(WHAT THE TASK ASKS):
Pictures excluded, please transcribe exactly the lines from the one with "KIT COM 4 ALMOFADAS" through the end of the records below, and nothing more.

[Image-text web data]
-- Opening Marker --
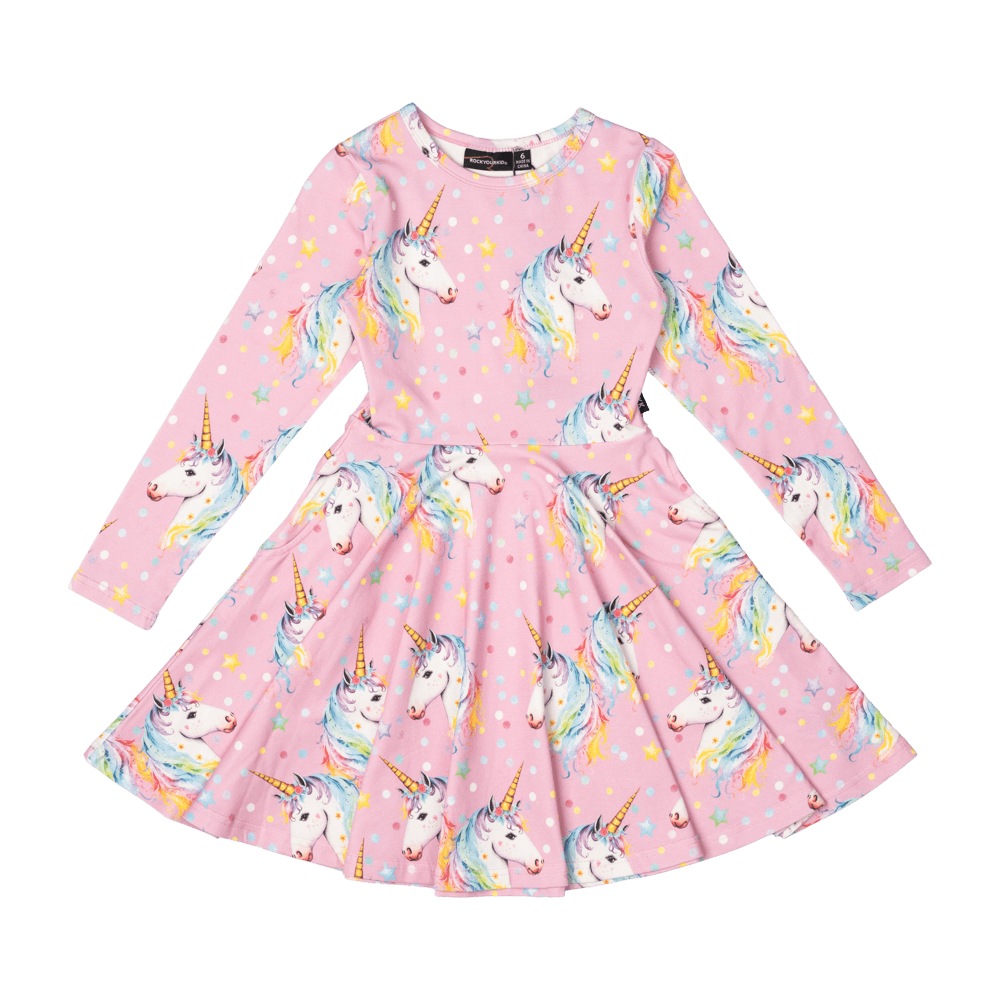 Rock Your Baby Dotty Unicorn LS Waisted Dress in Pink
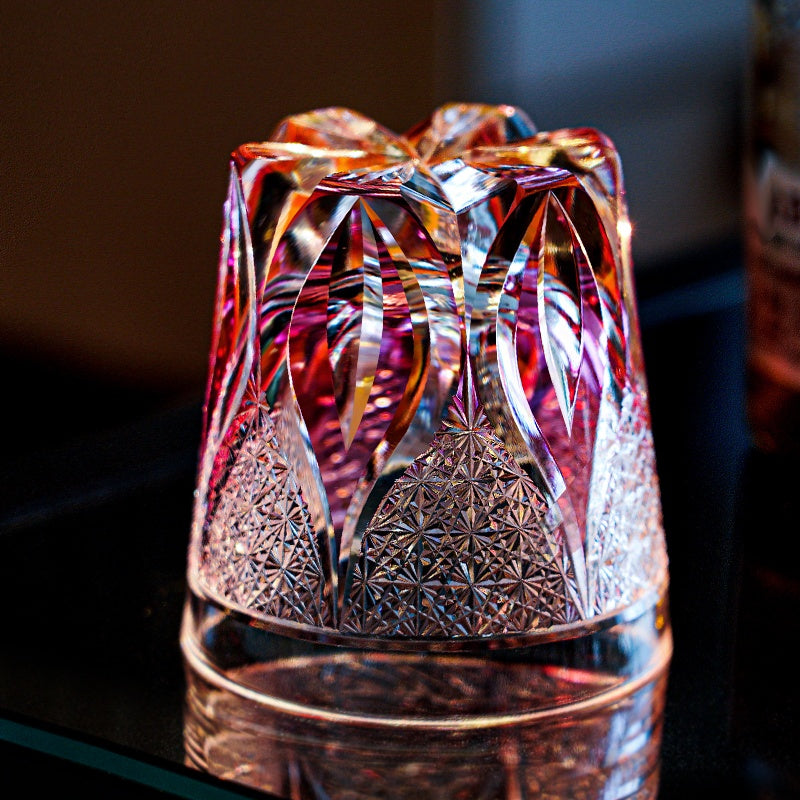 Edo Kiriko Handcrafted Crimson Flame Whisky Glass With Wooden Box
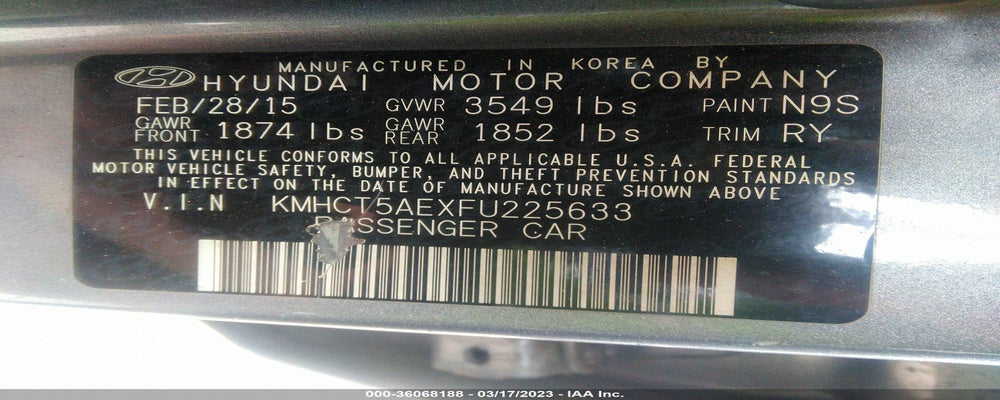 KMHCT5AEXFU225633 2015 HYUNDAI ACCENT photo no. 9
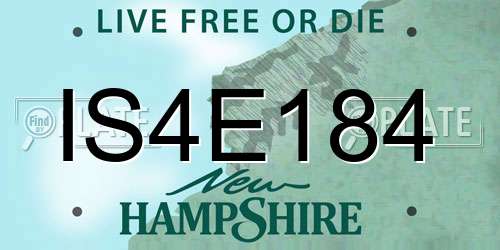 IS4E184 New Hampshire License Plate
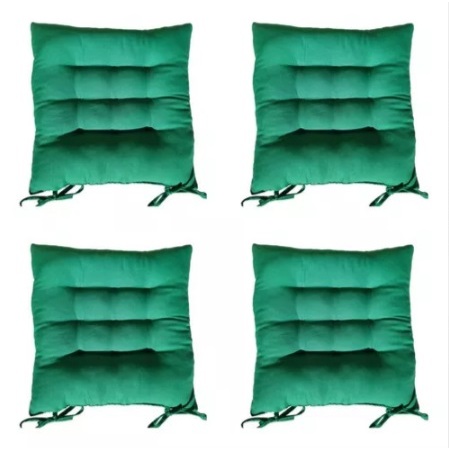KIT COM 4 ALMOFADAS FUTON ASSENTO PARA CADEIRA - VERDE-BANDEIRA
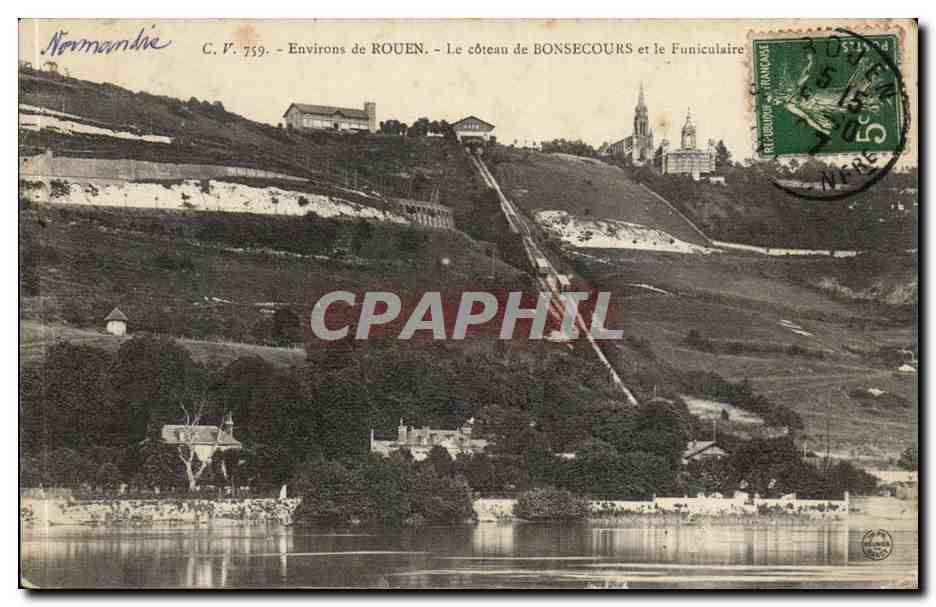 Environs de Rouen CPA Le coteau de Bonsecours et le funiculaire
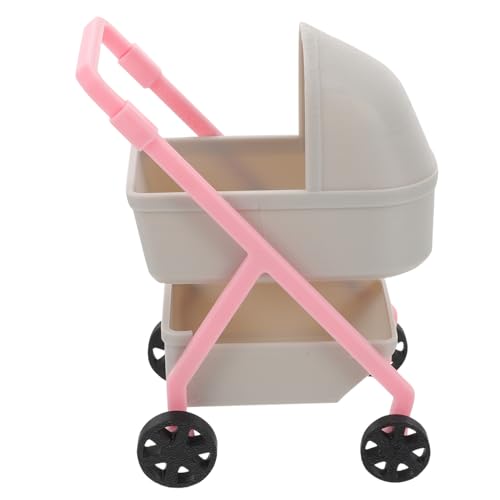 TOYANDONA Kinderwagen Kinderwagen für Puppe Puppenstubenwagen Puppensachen Mini -Hausmöbel Dolly Pram Plastik Hellgrau von TOYANDONA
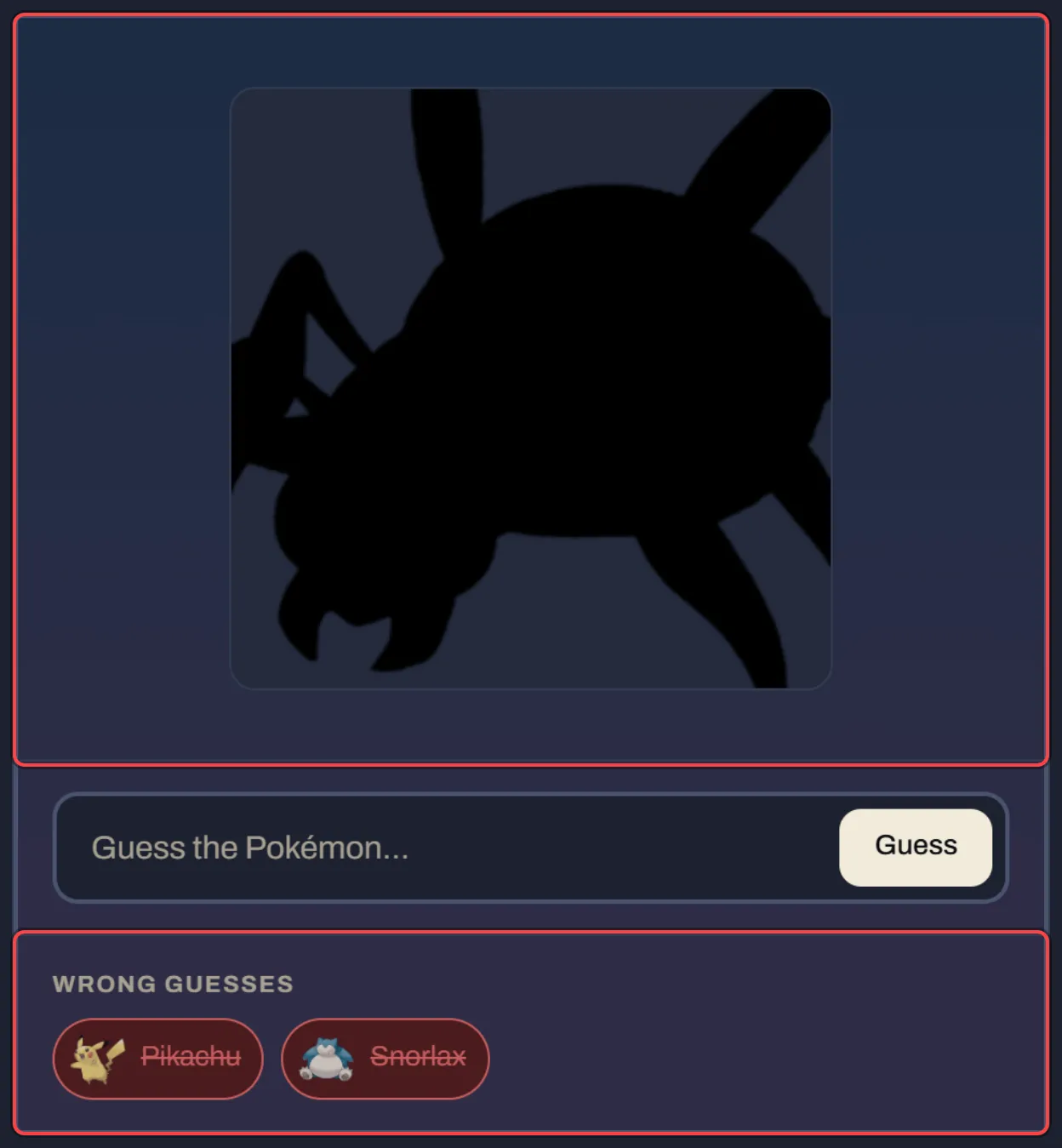 A Pokémon silhouette, zoomed in, after two misses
-- Closing Marker --
(REPLY TO THE TASK):
KIT COM 4 ALMOFADAS FUTON ASSENTO PARA CADEIRA - VERDE-BANDEIRA
 Environs de Rouen CPA Le coteau de Bonsecours et le funiculaire
 TOYANDONA Kinderwagen Kinderwagen für Puppe Puppenstubenwagen Puppensachen Mini -Hausmöbel Dolly Pram Plastik Hellgrau von TOYANDONA
 A Pokémon silhouette, zoomed in, after two misses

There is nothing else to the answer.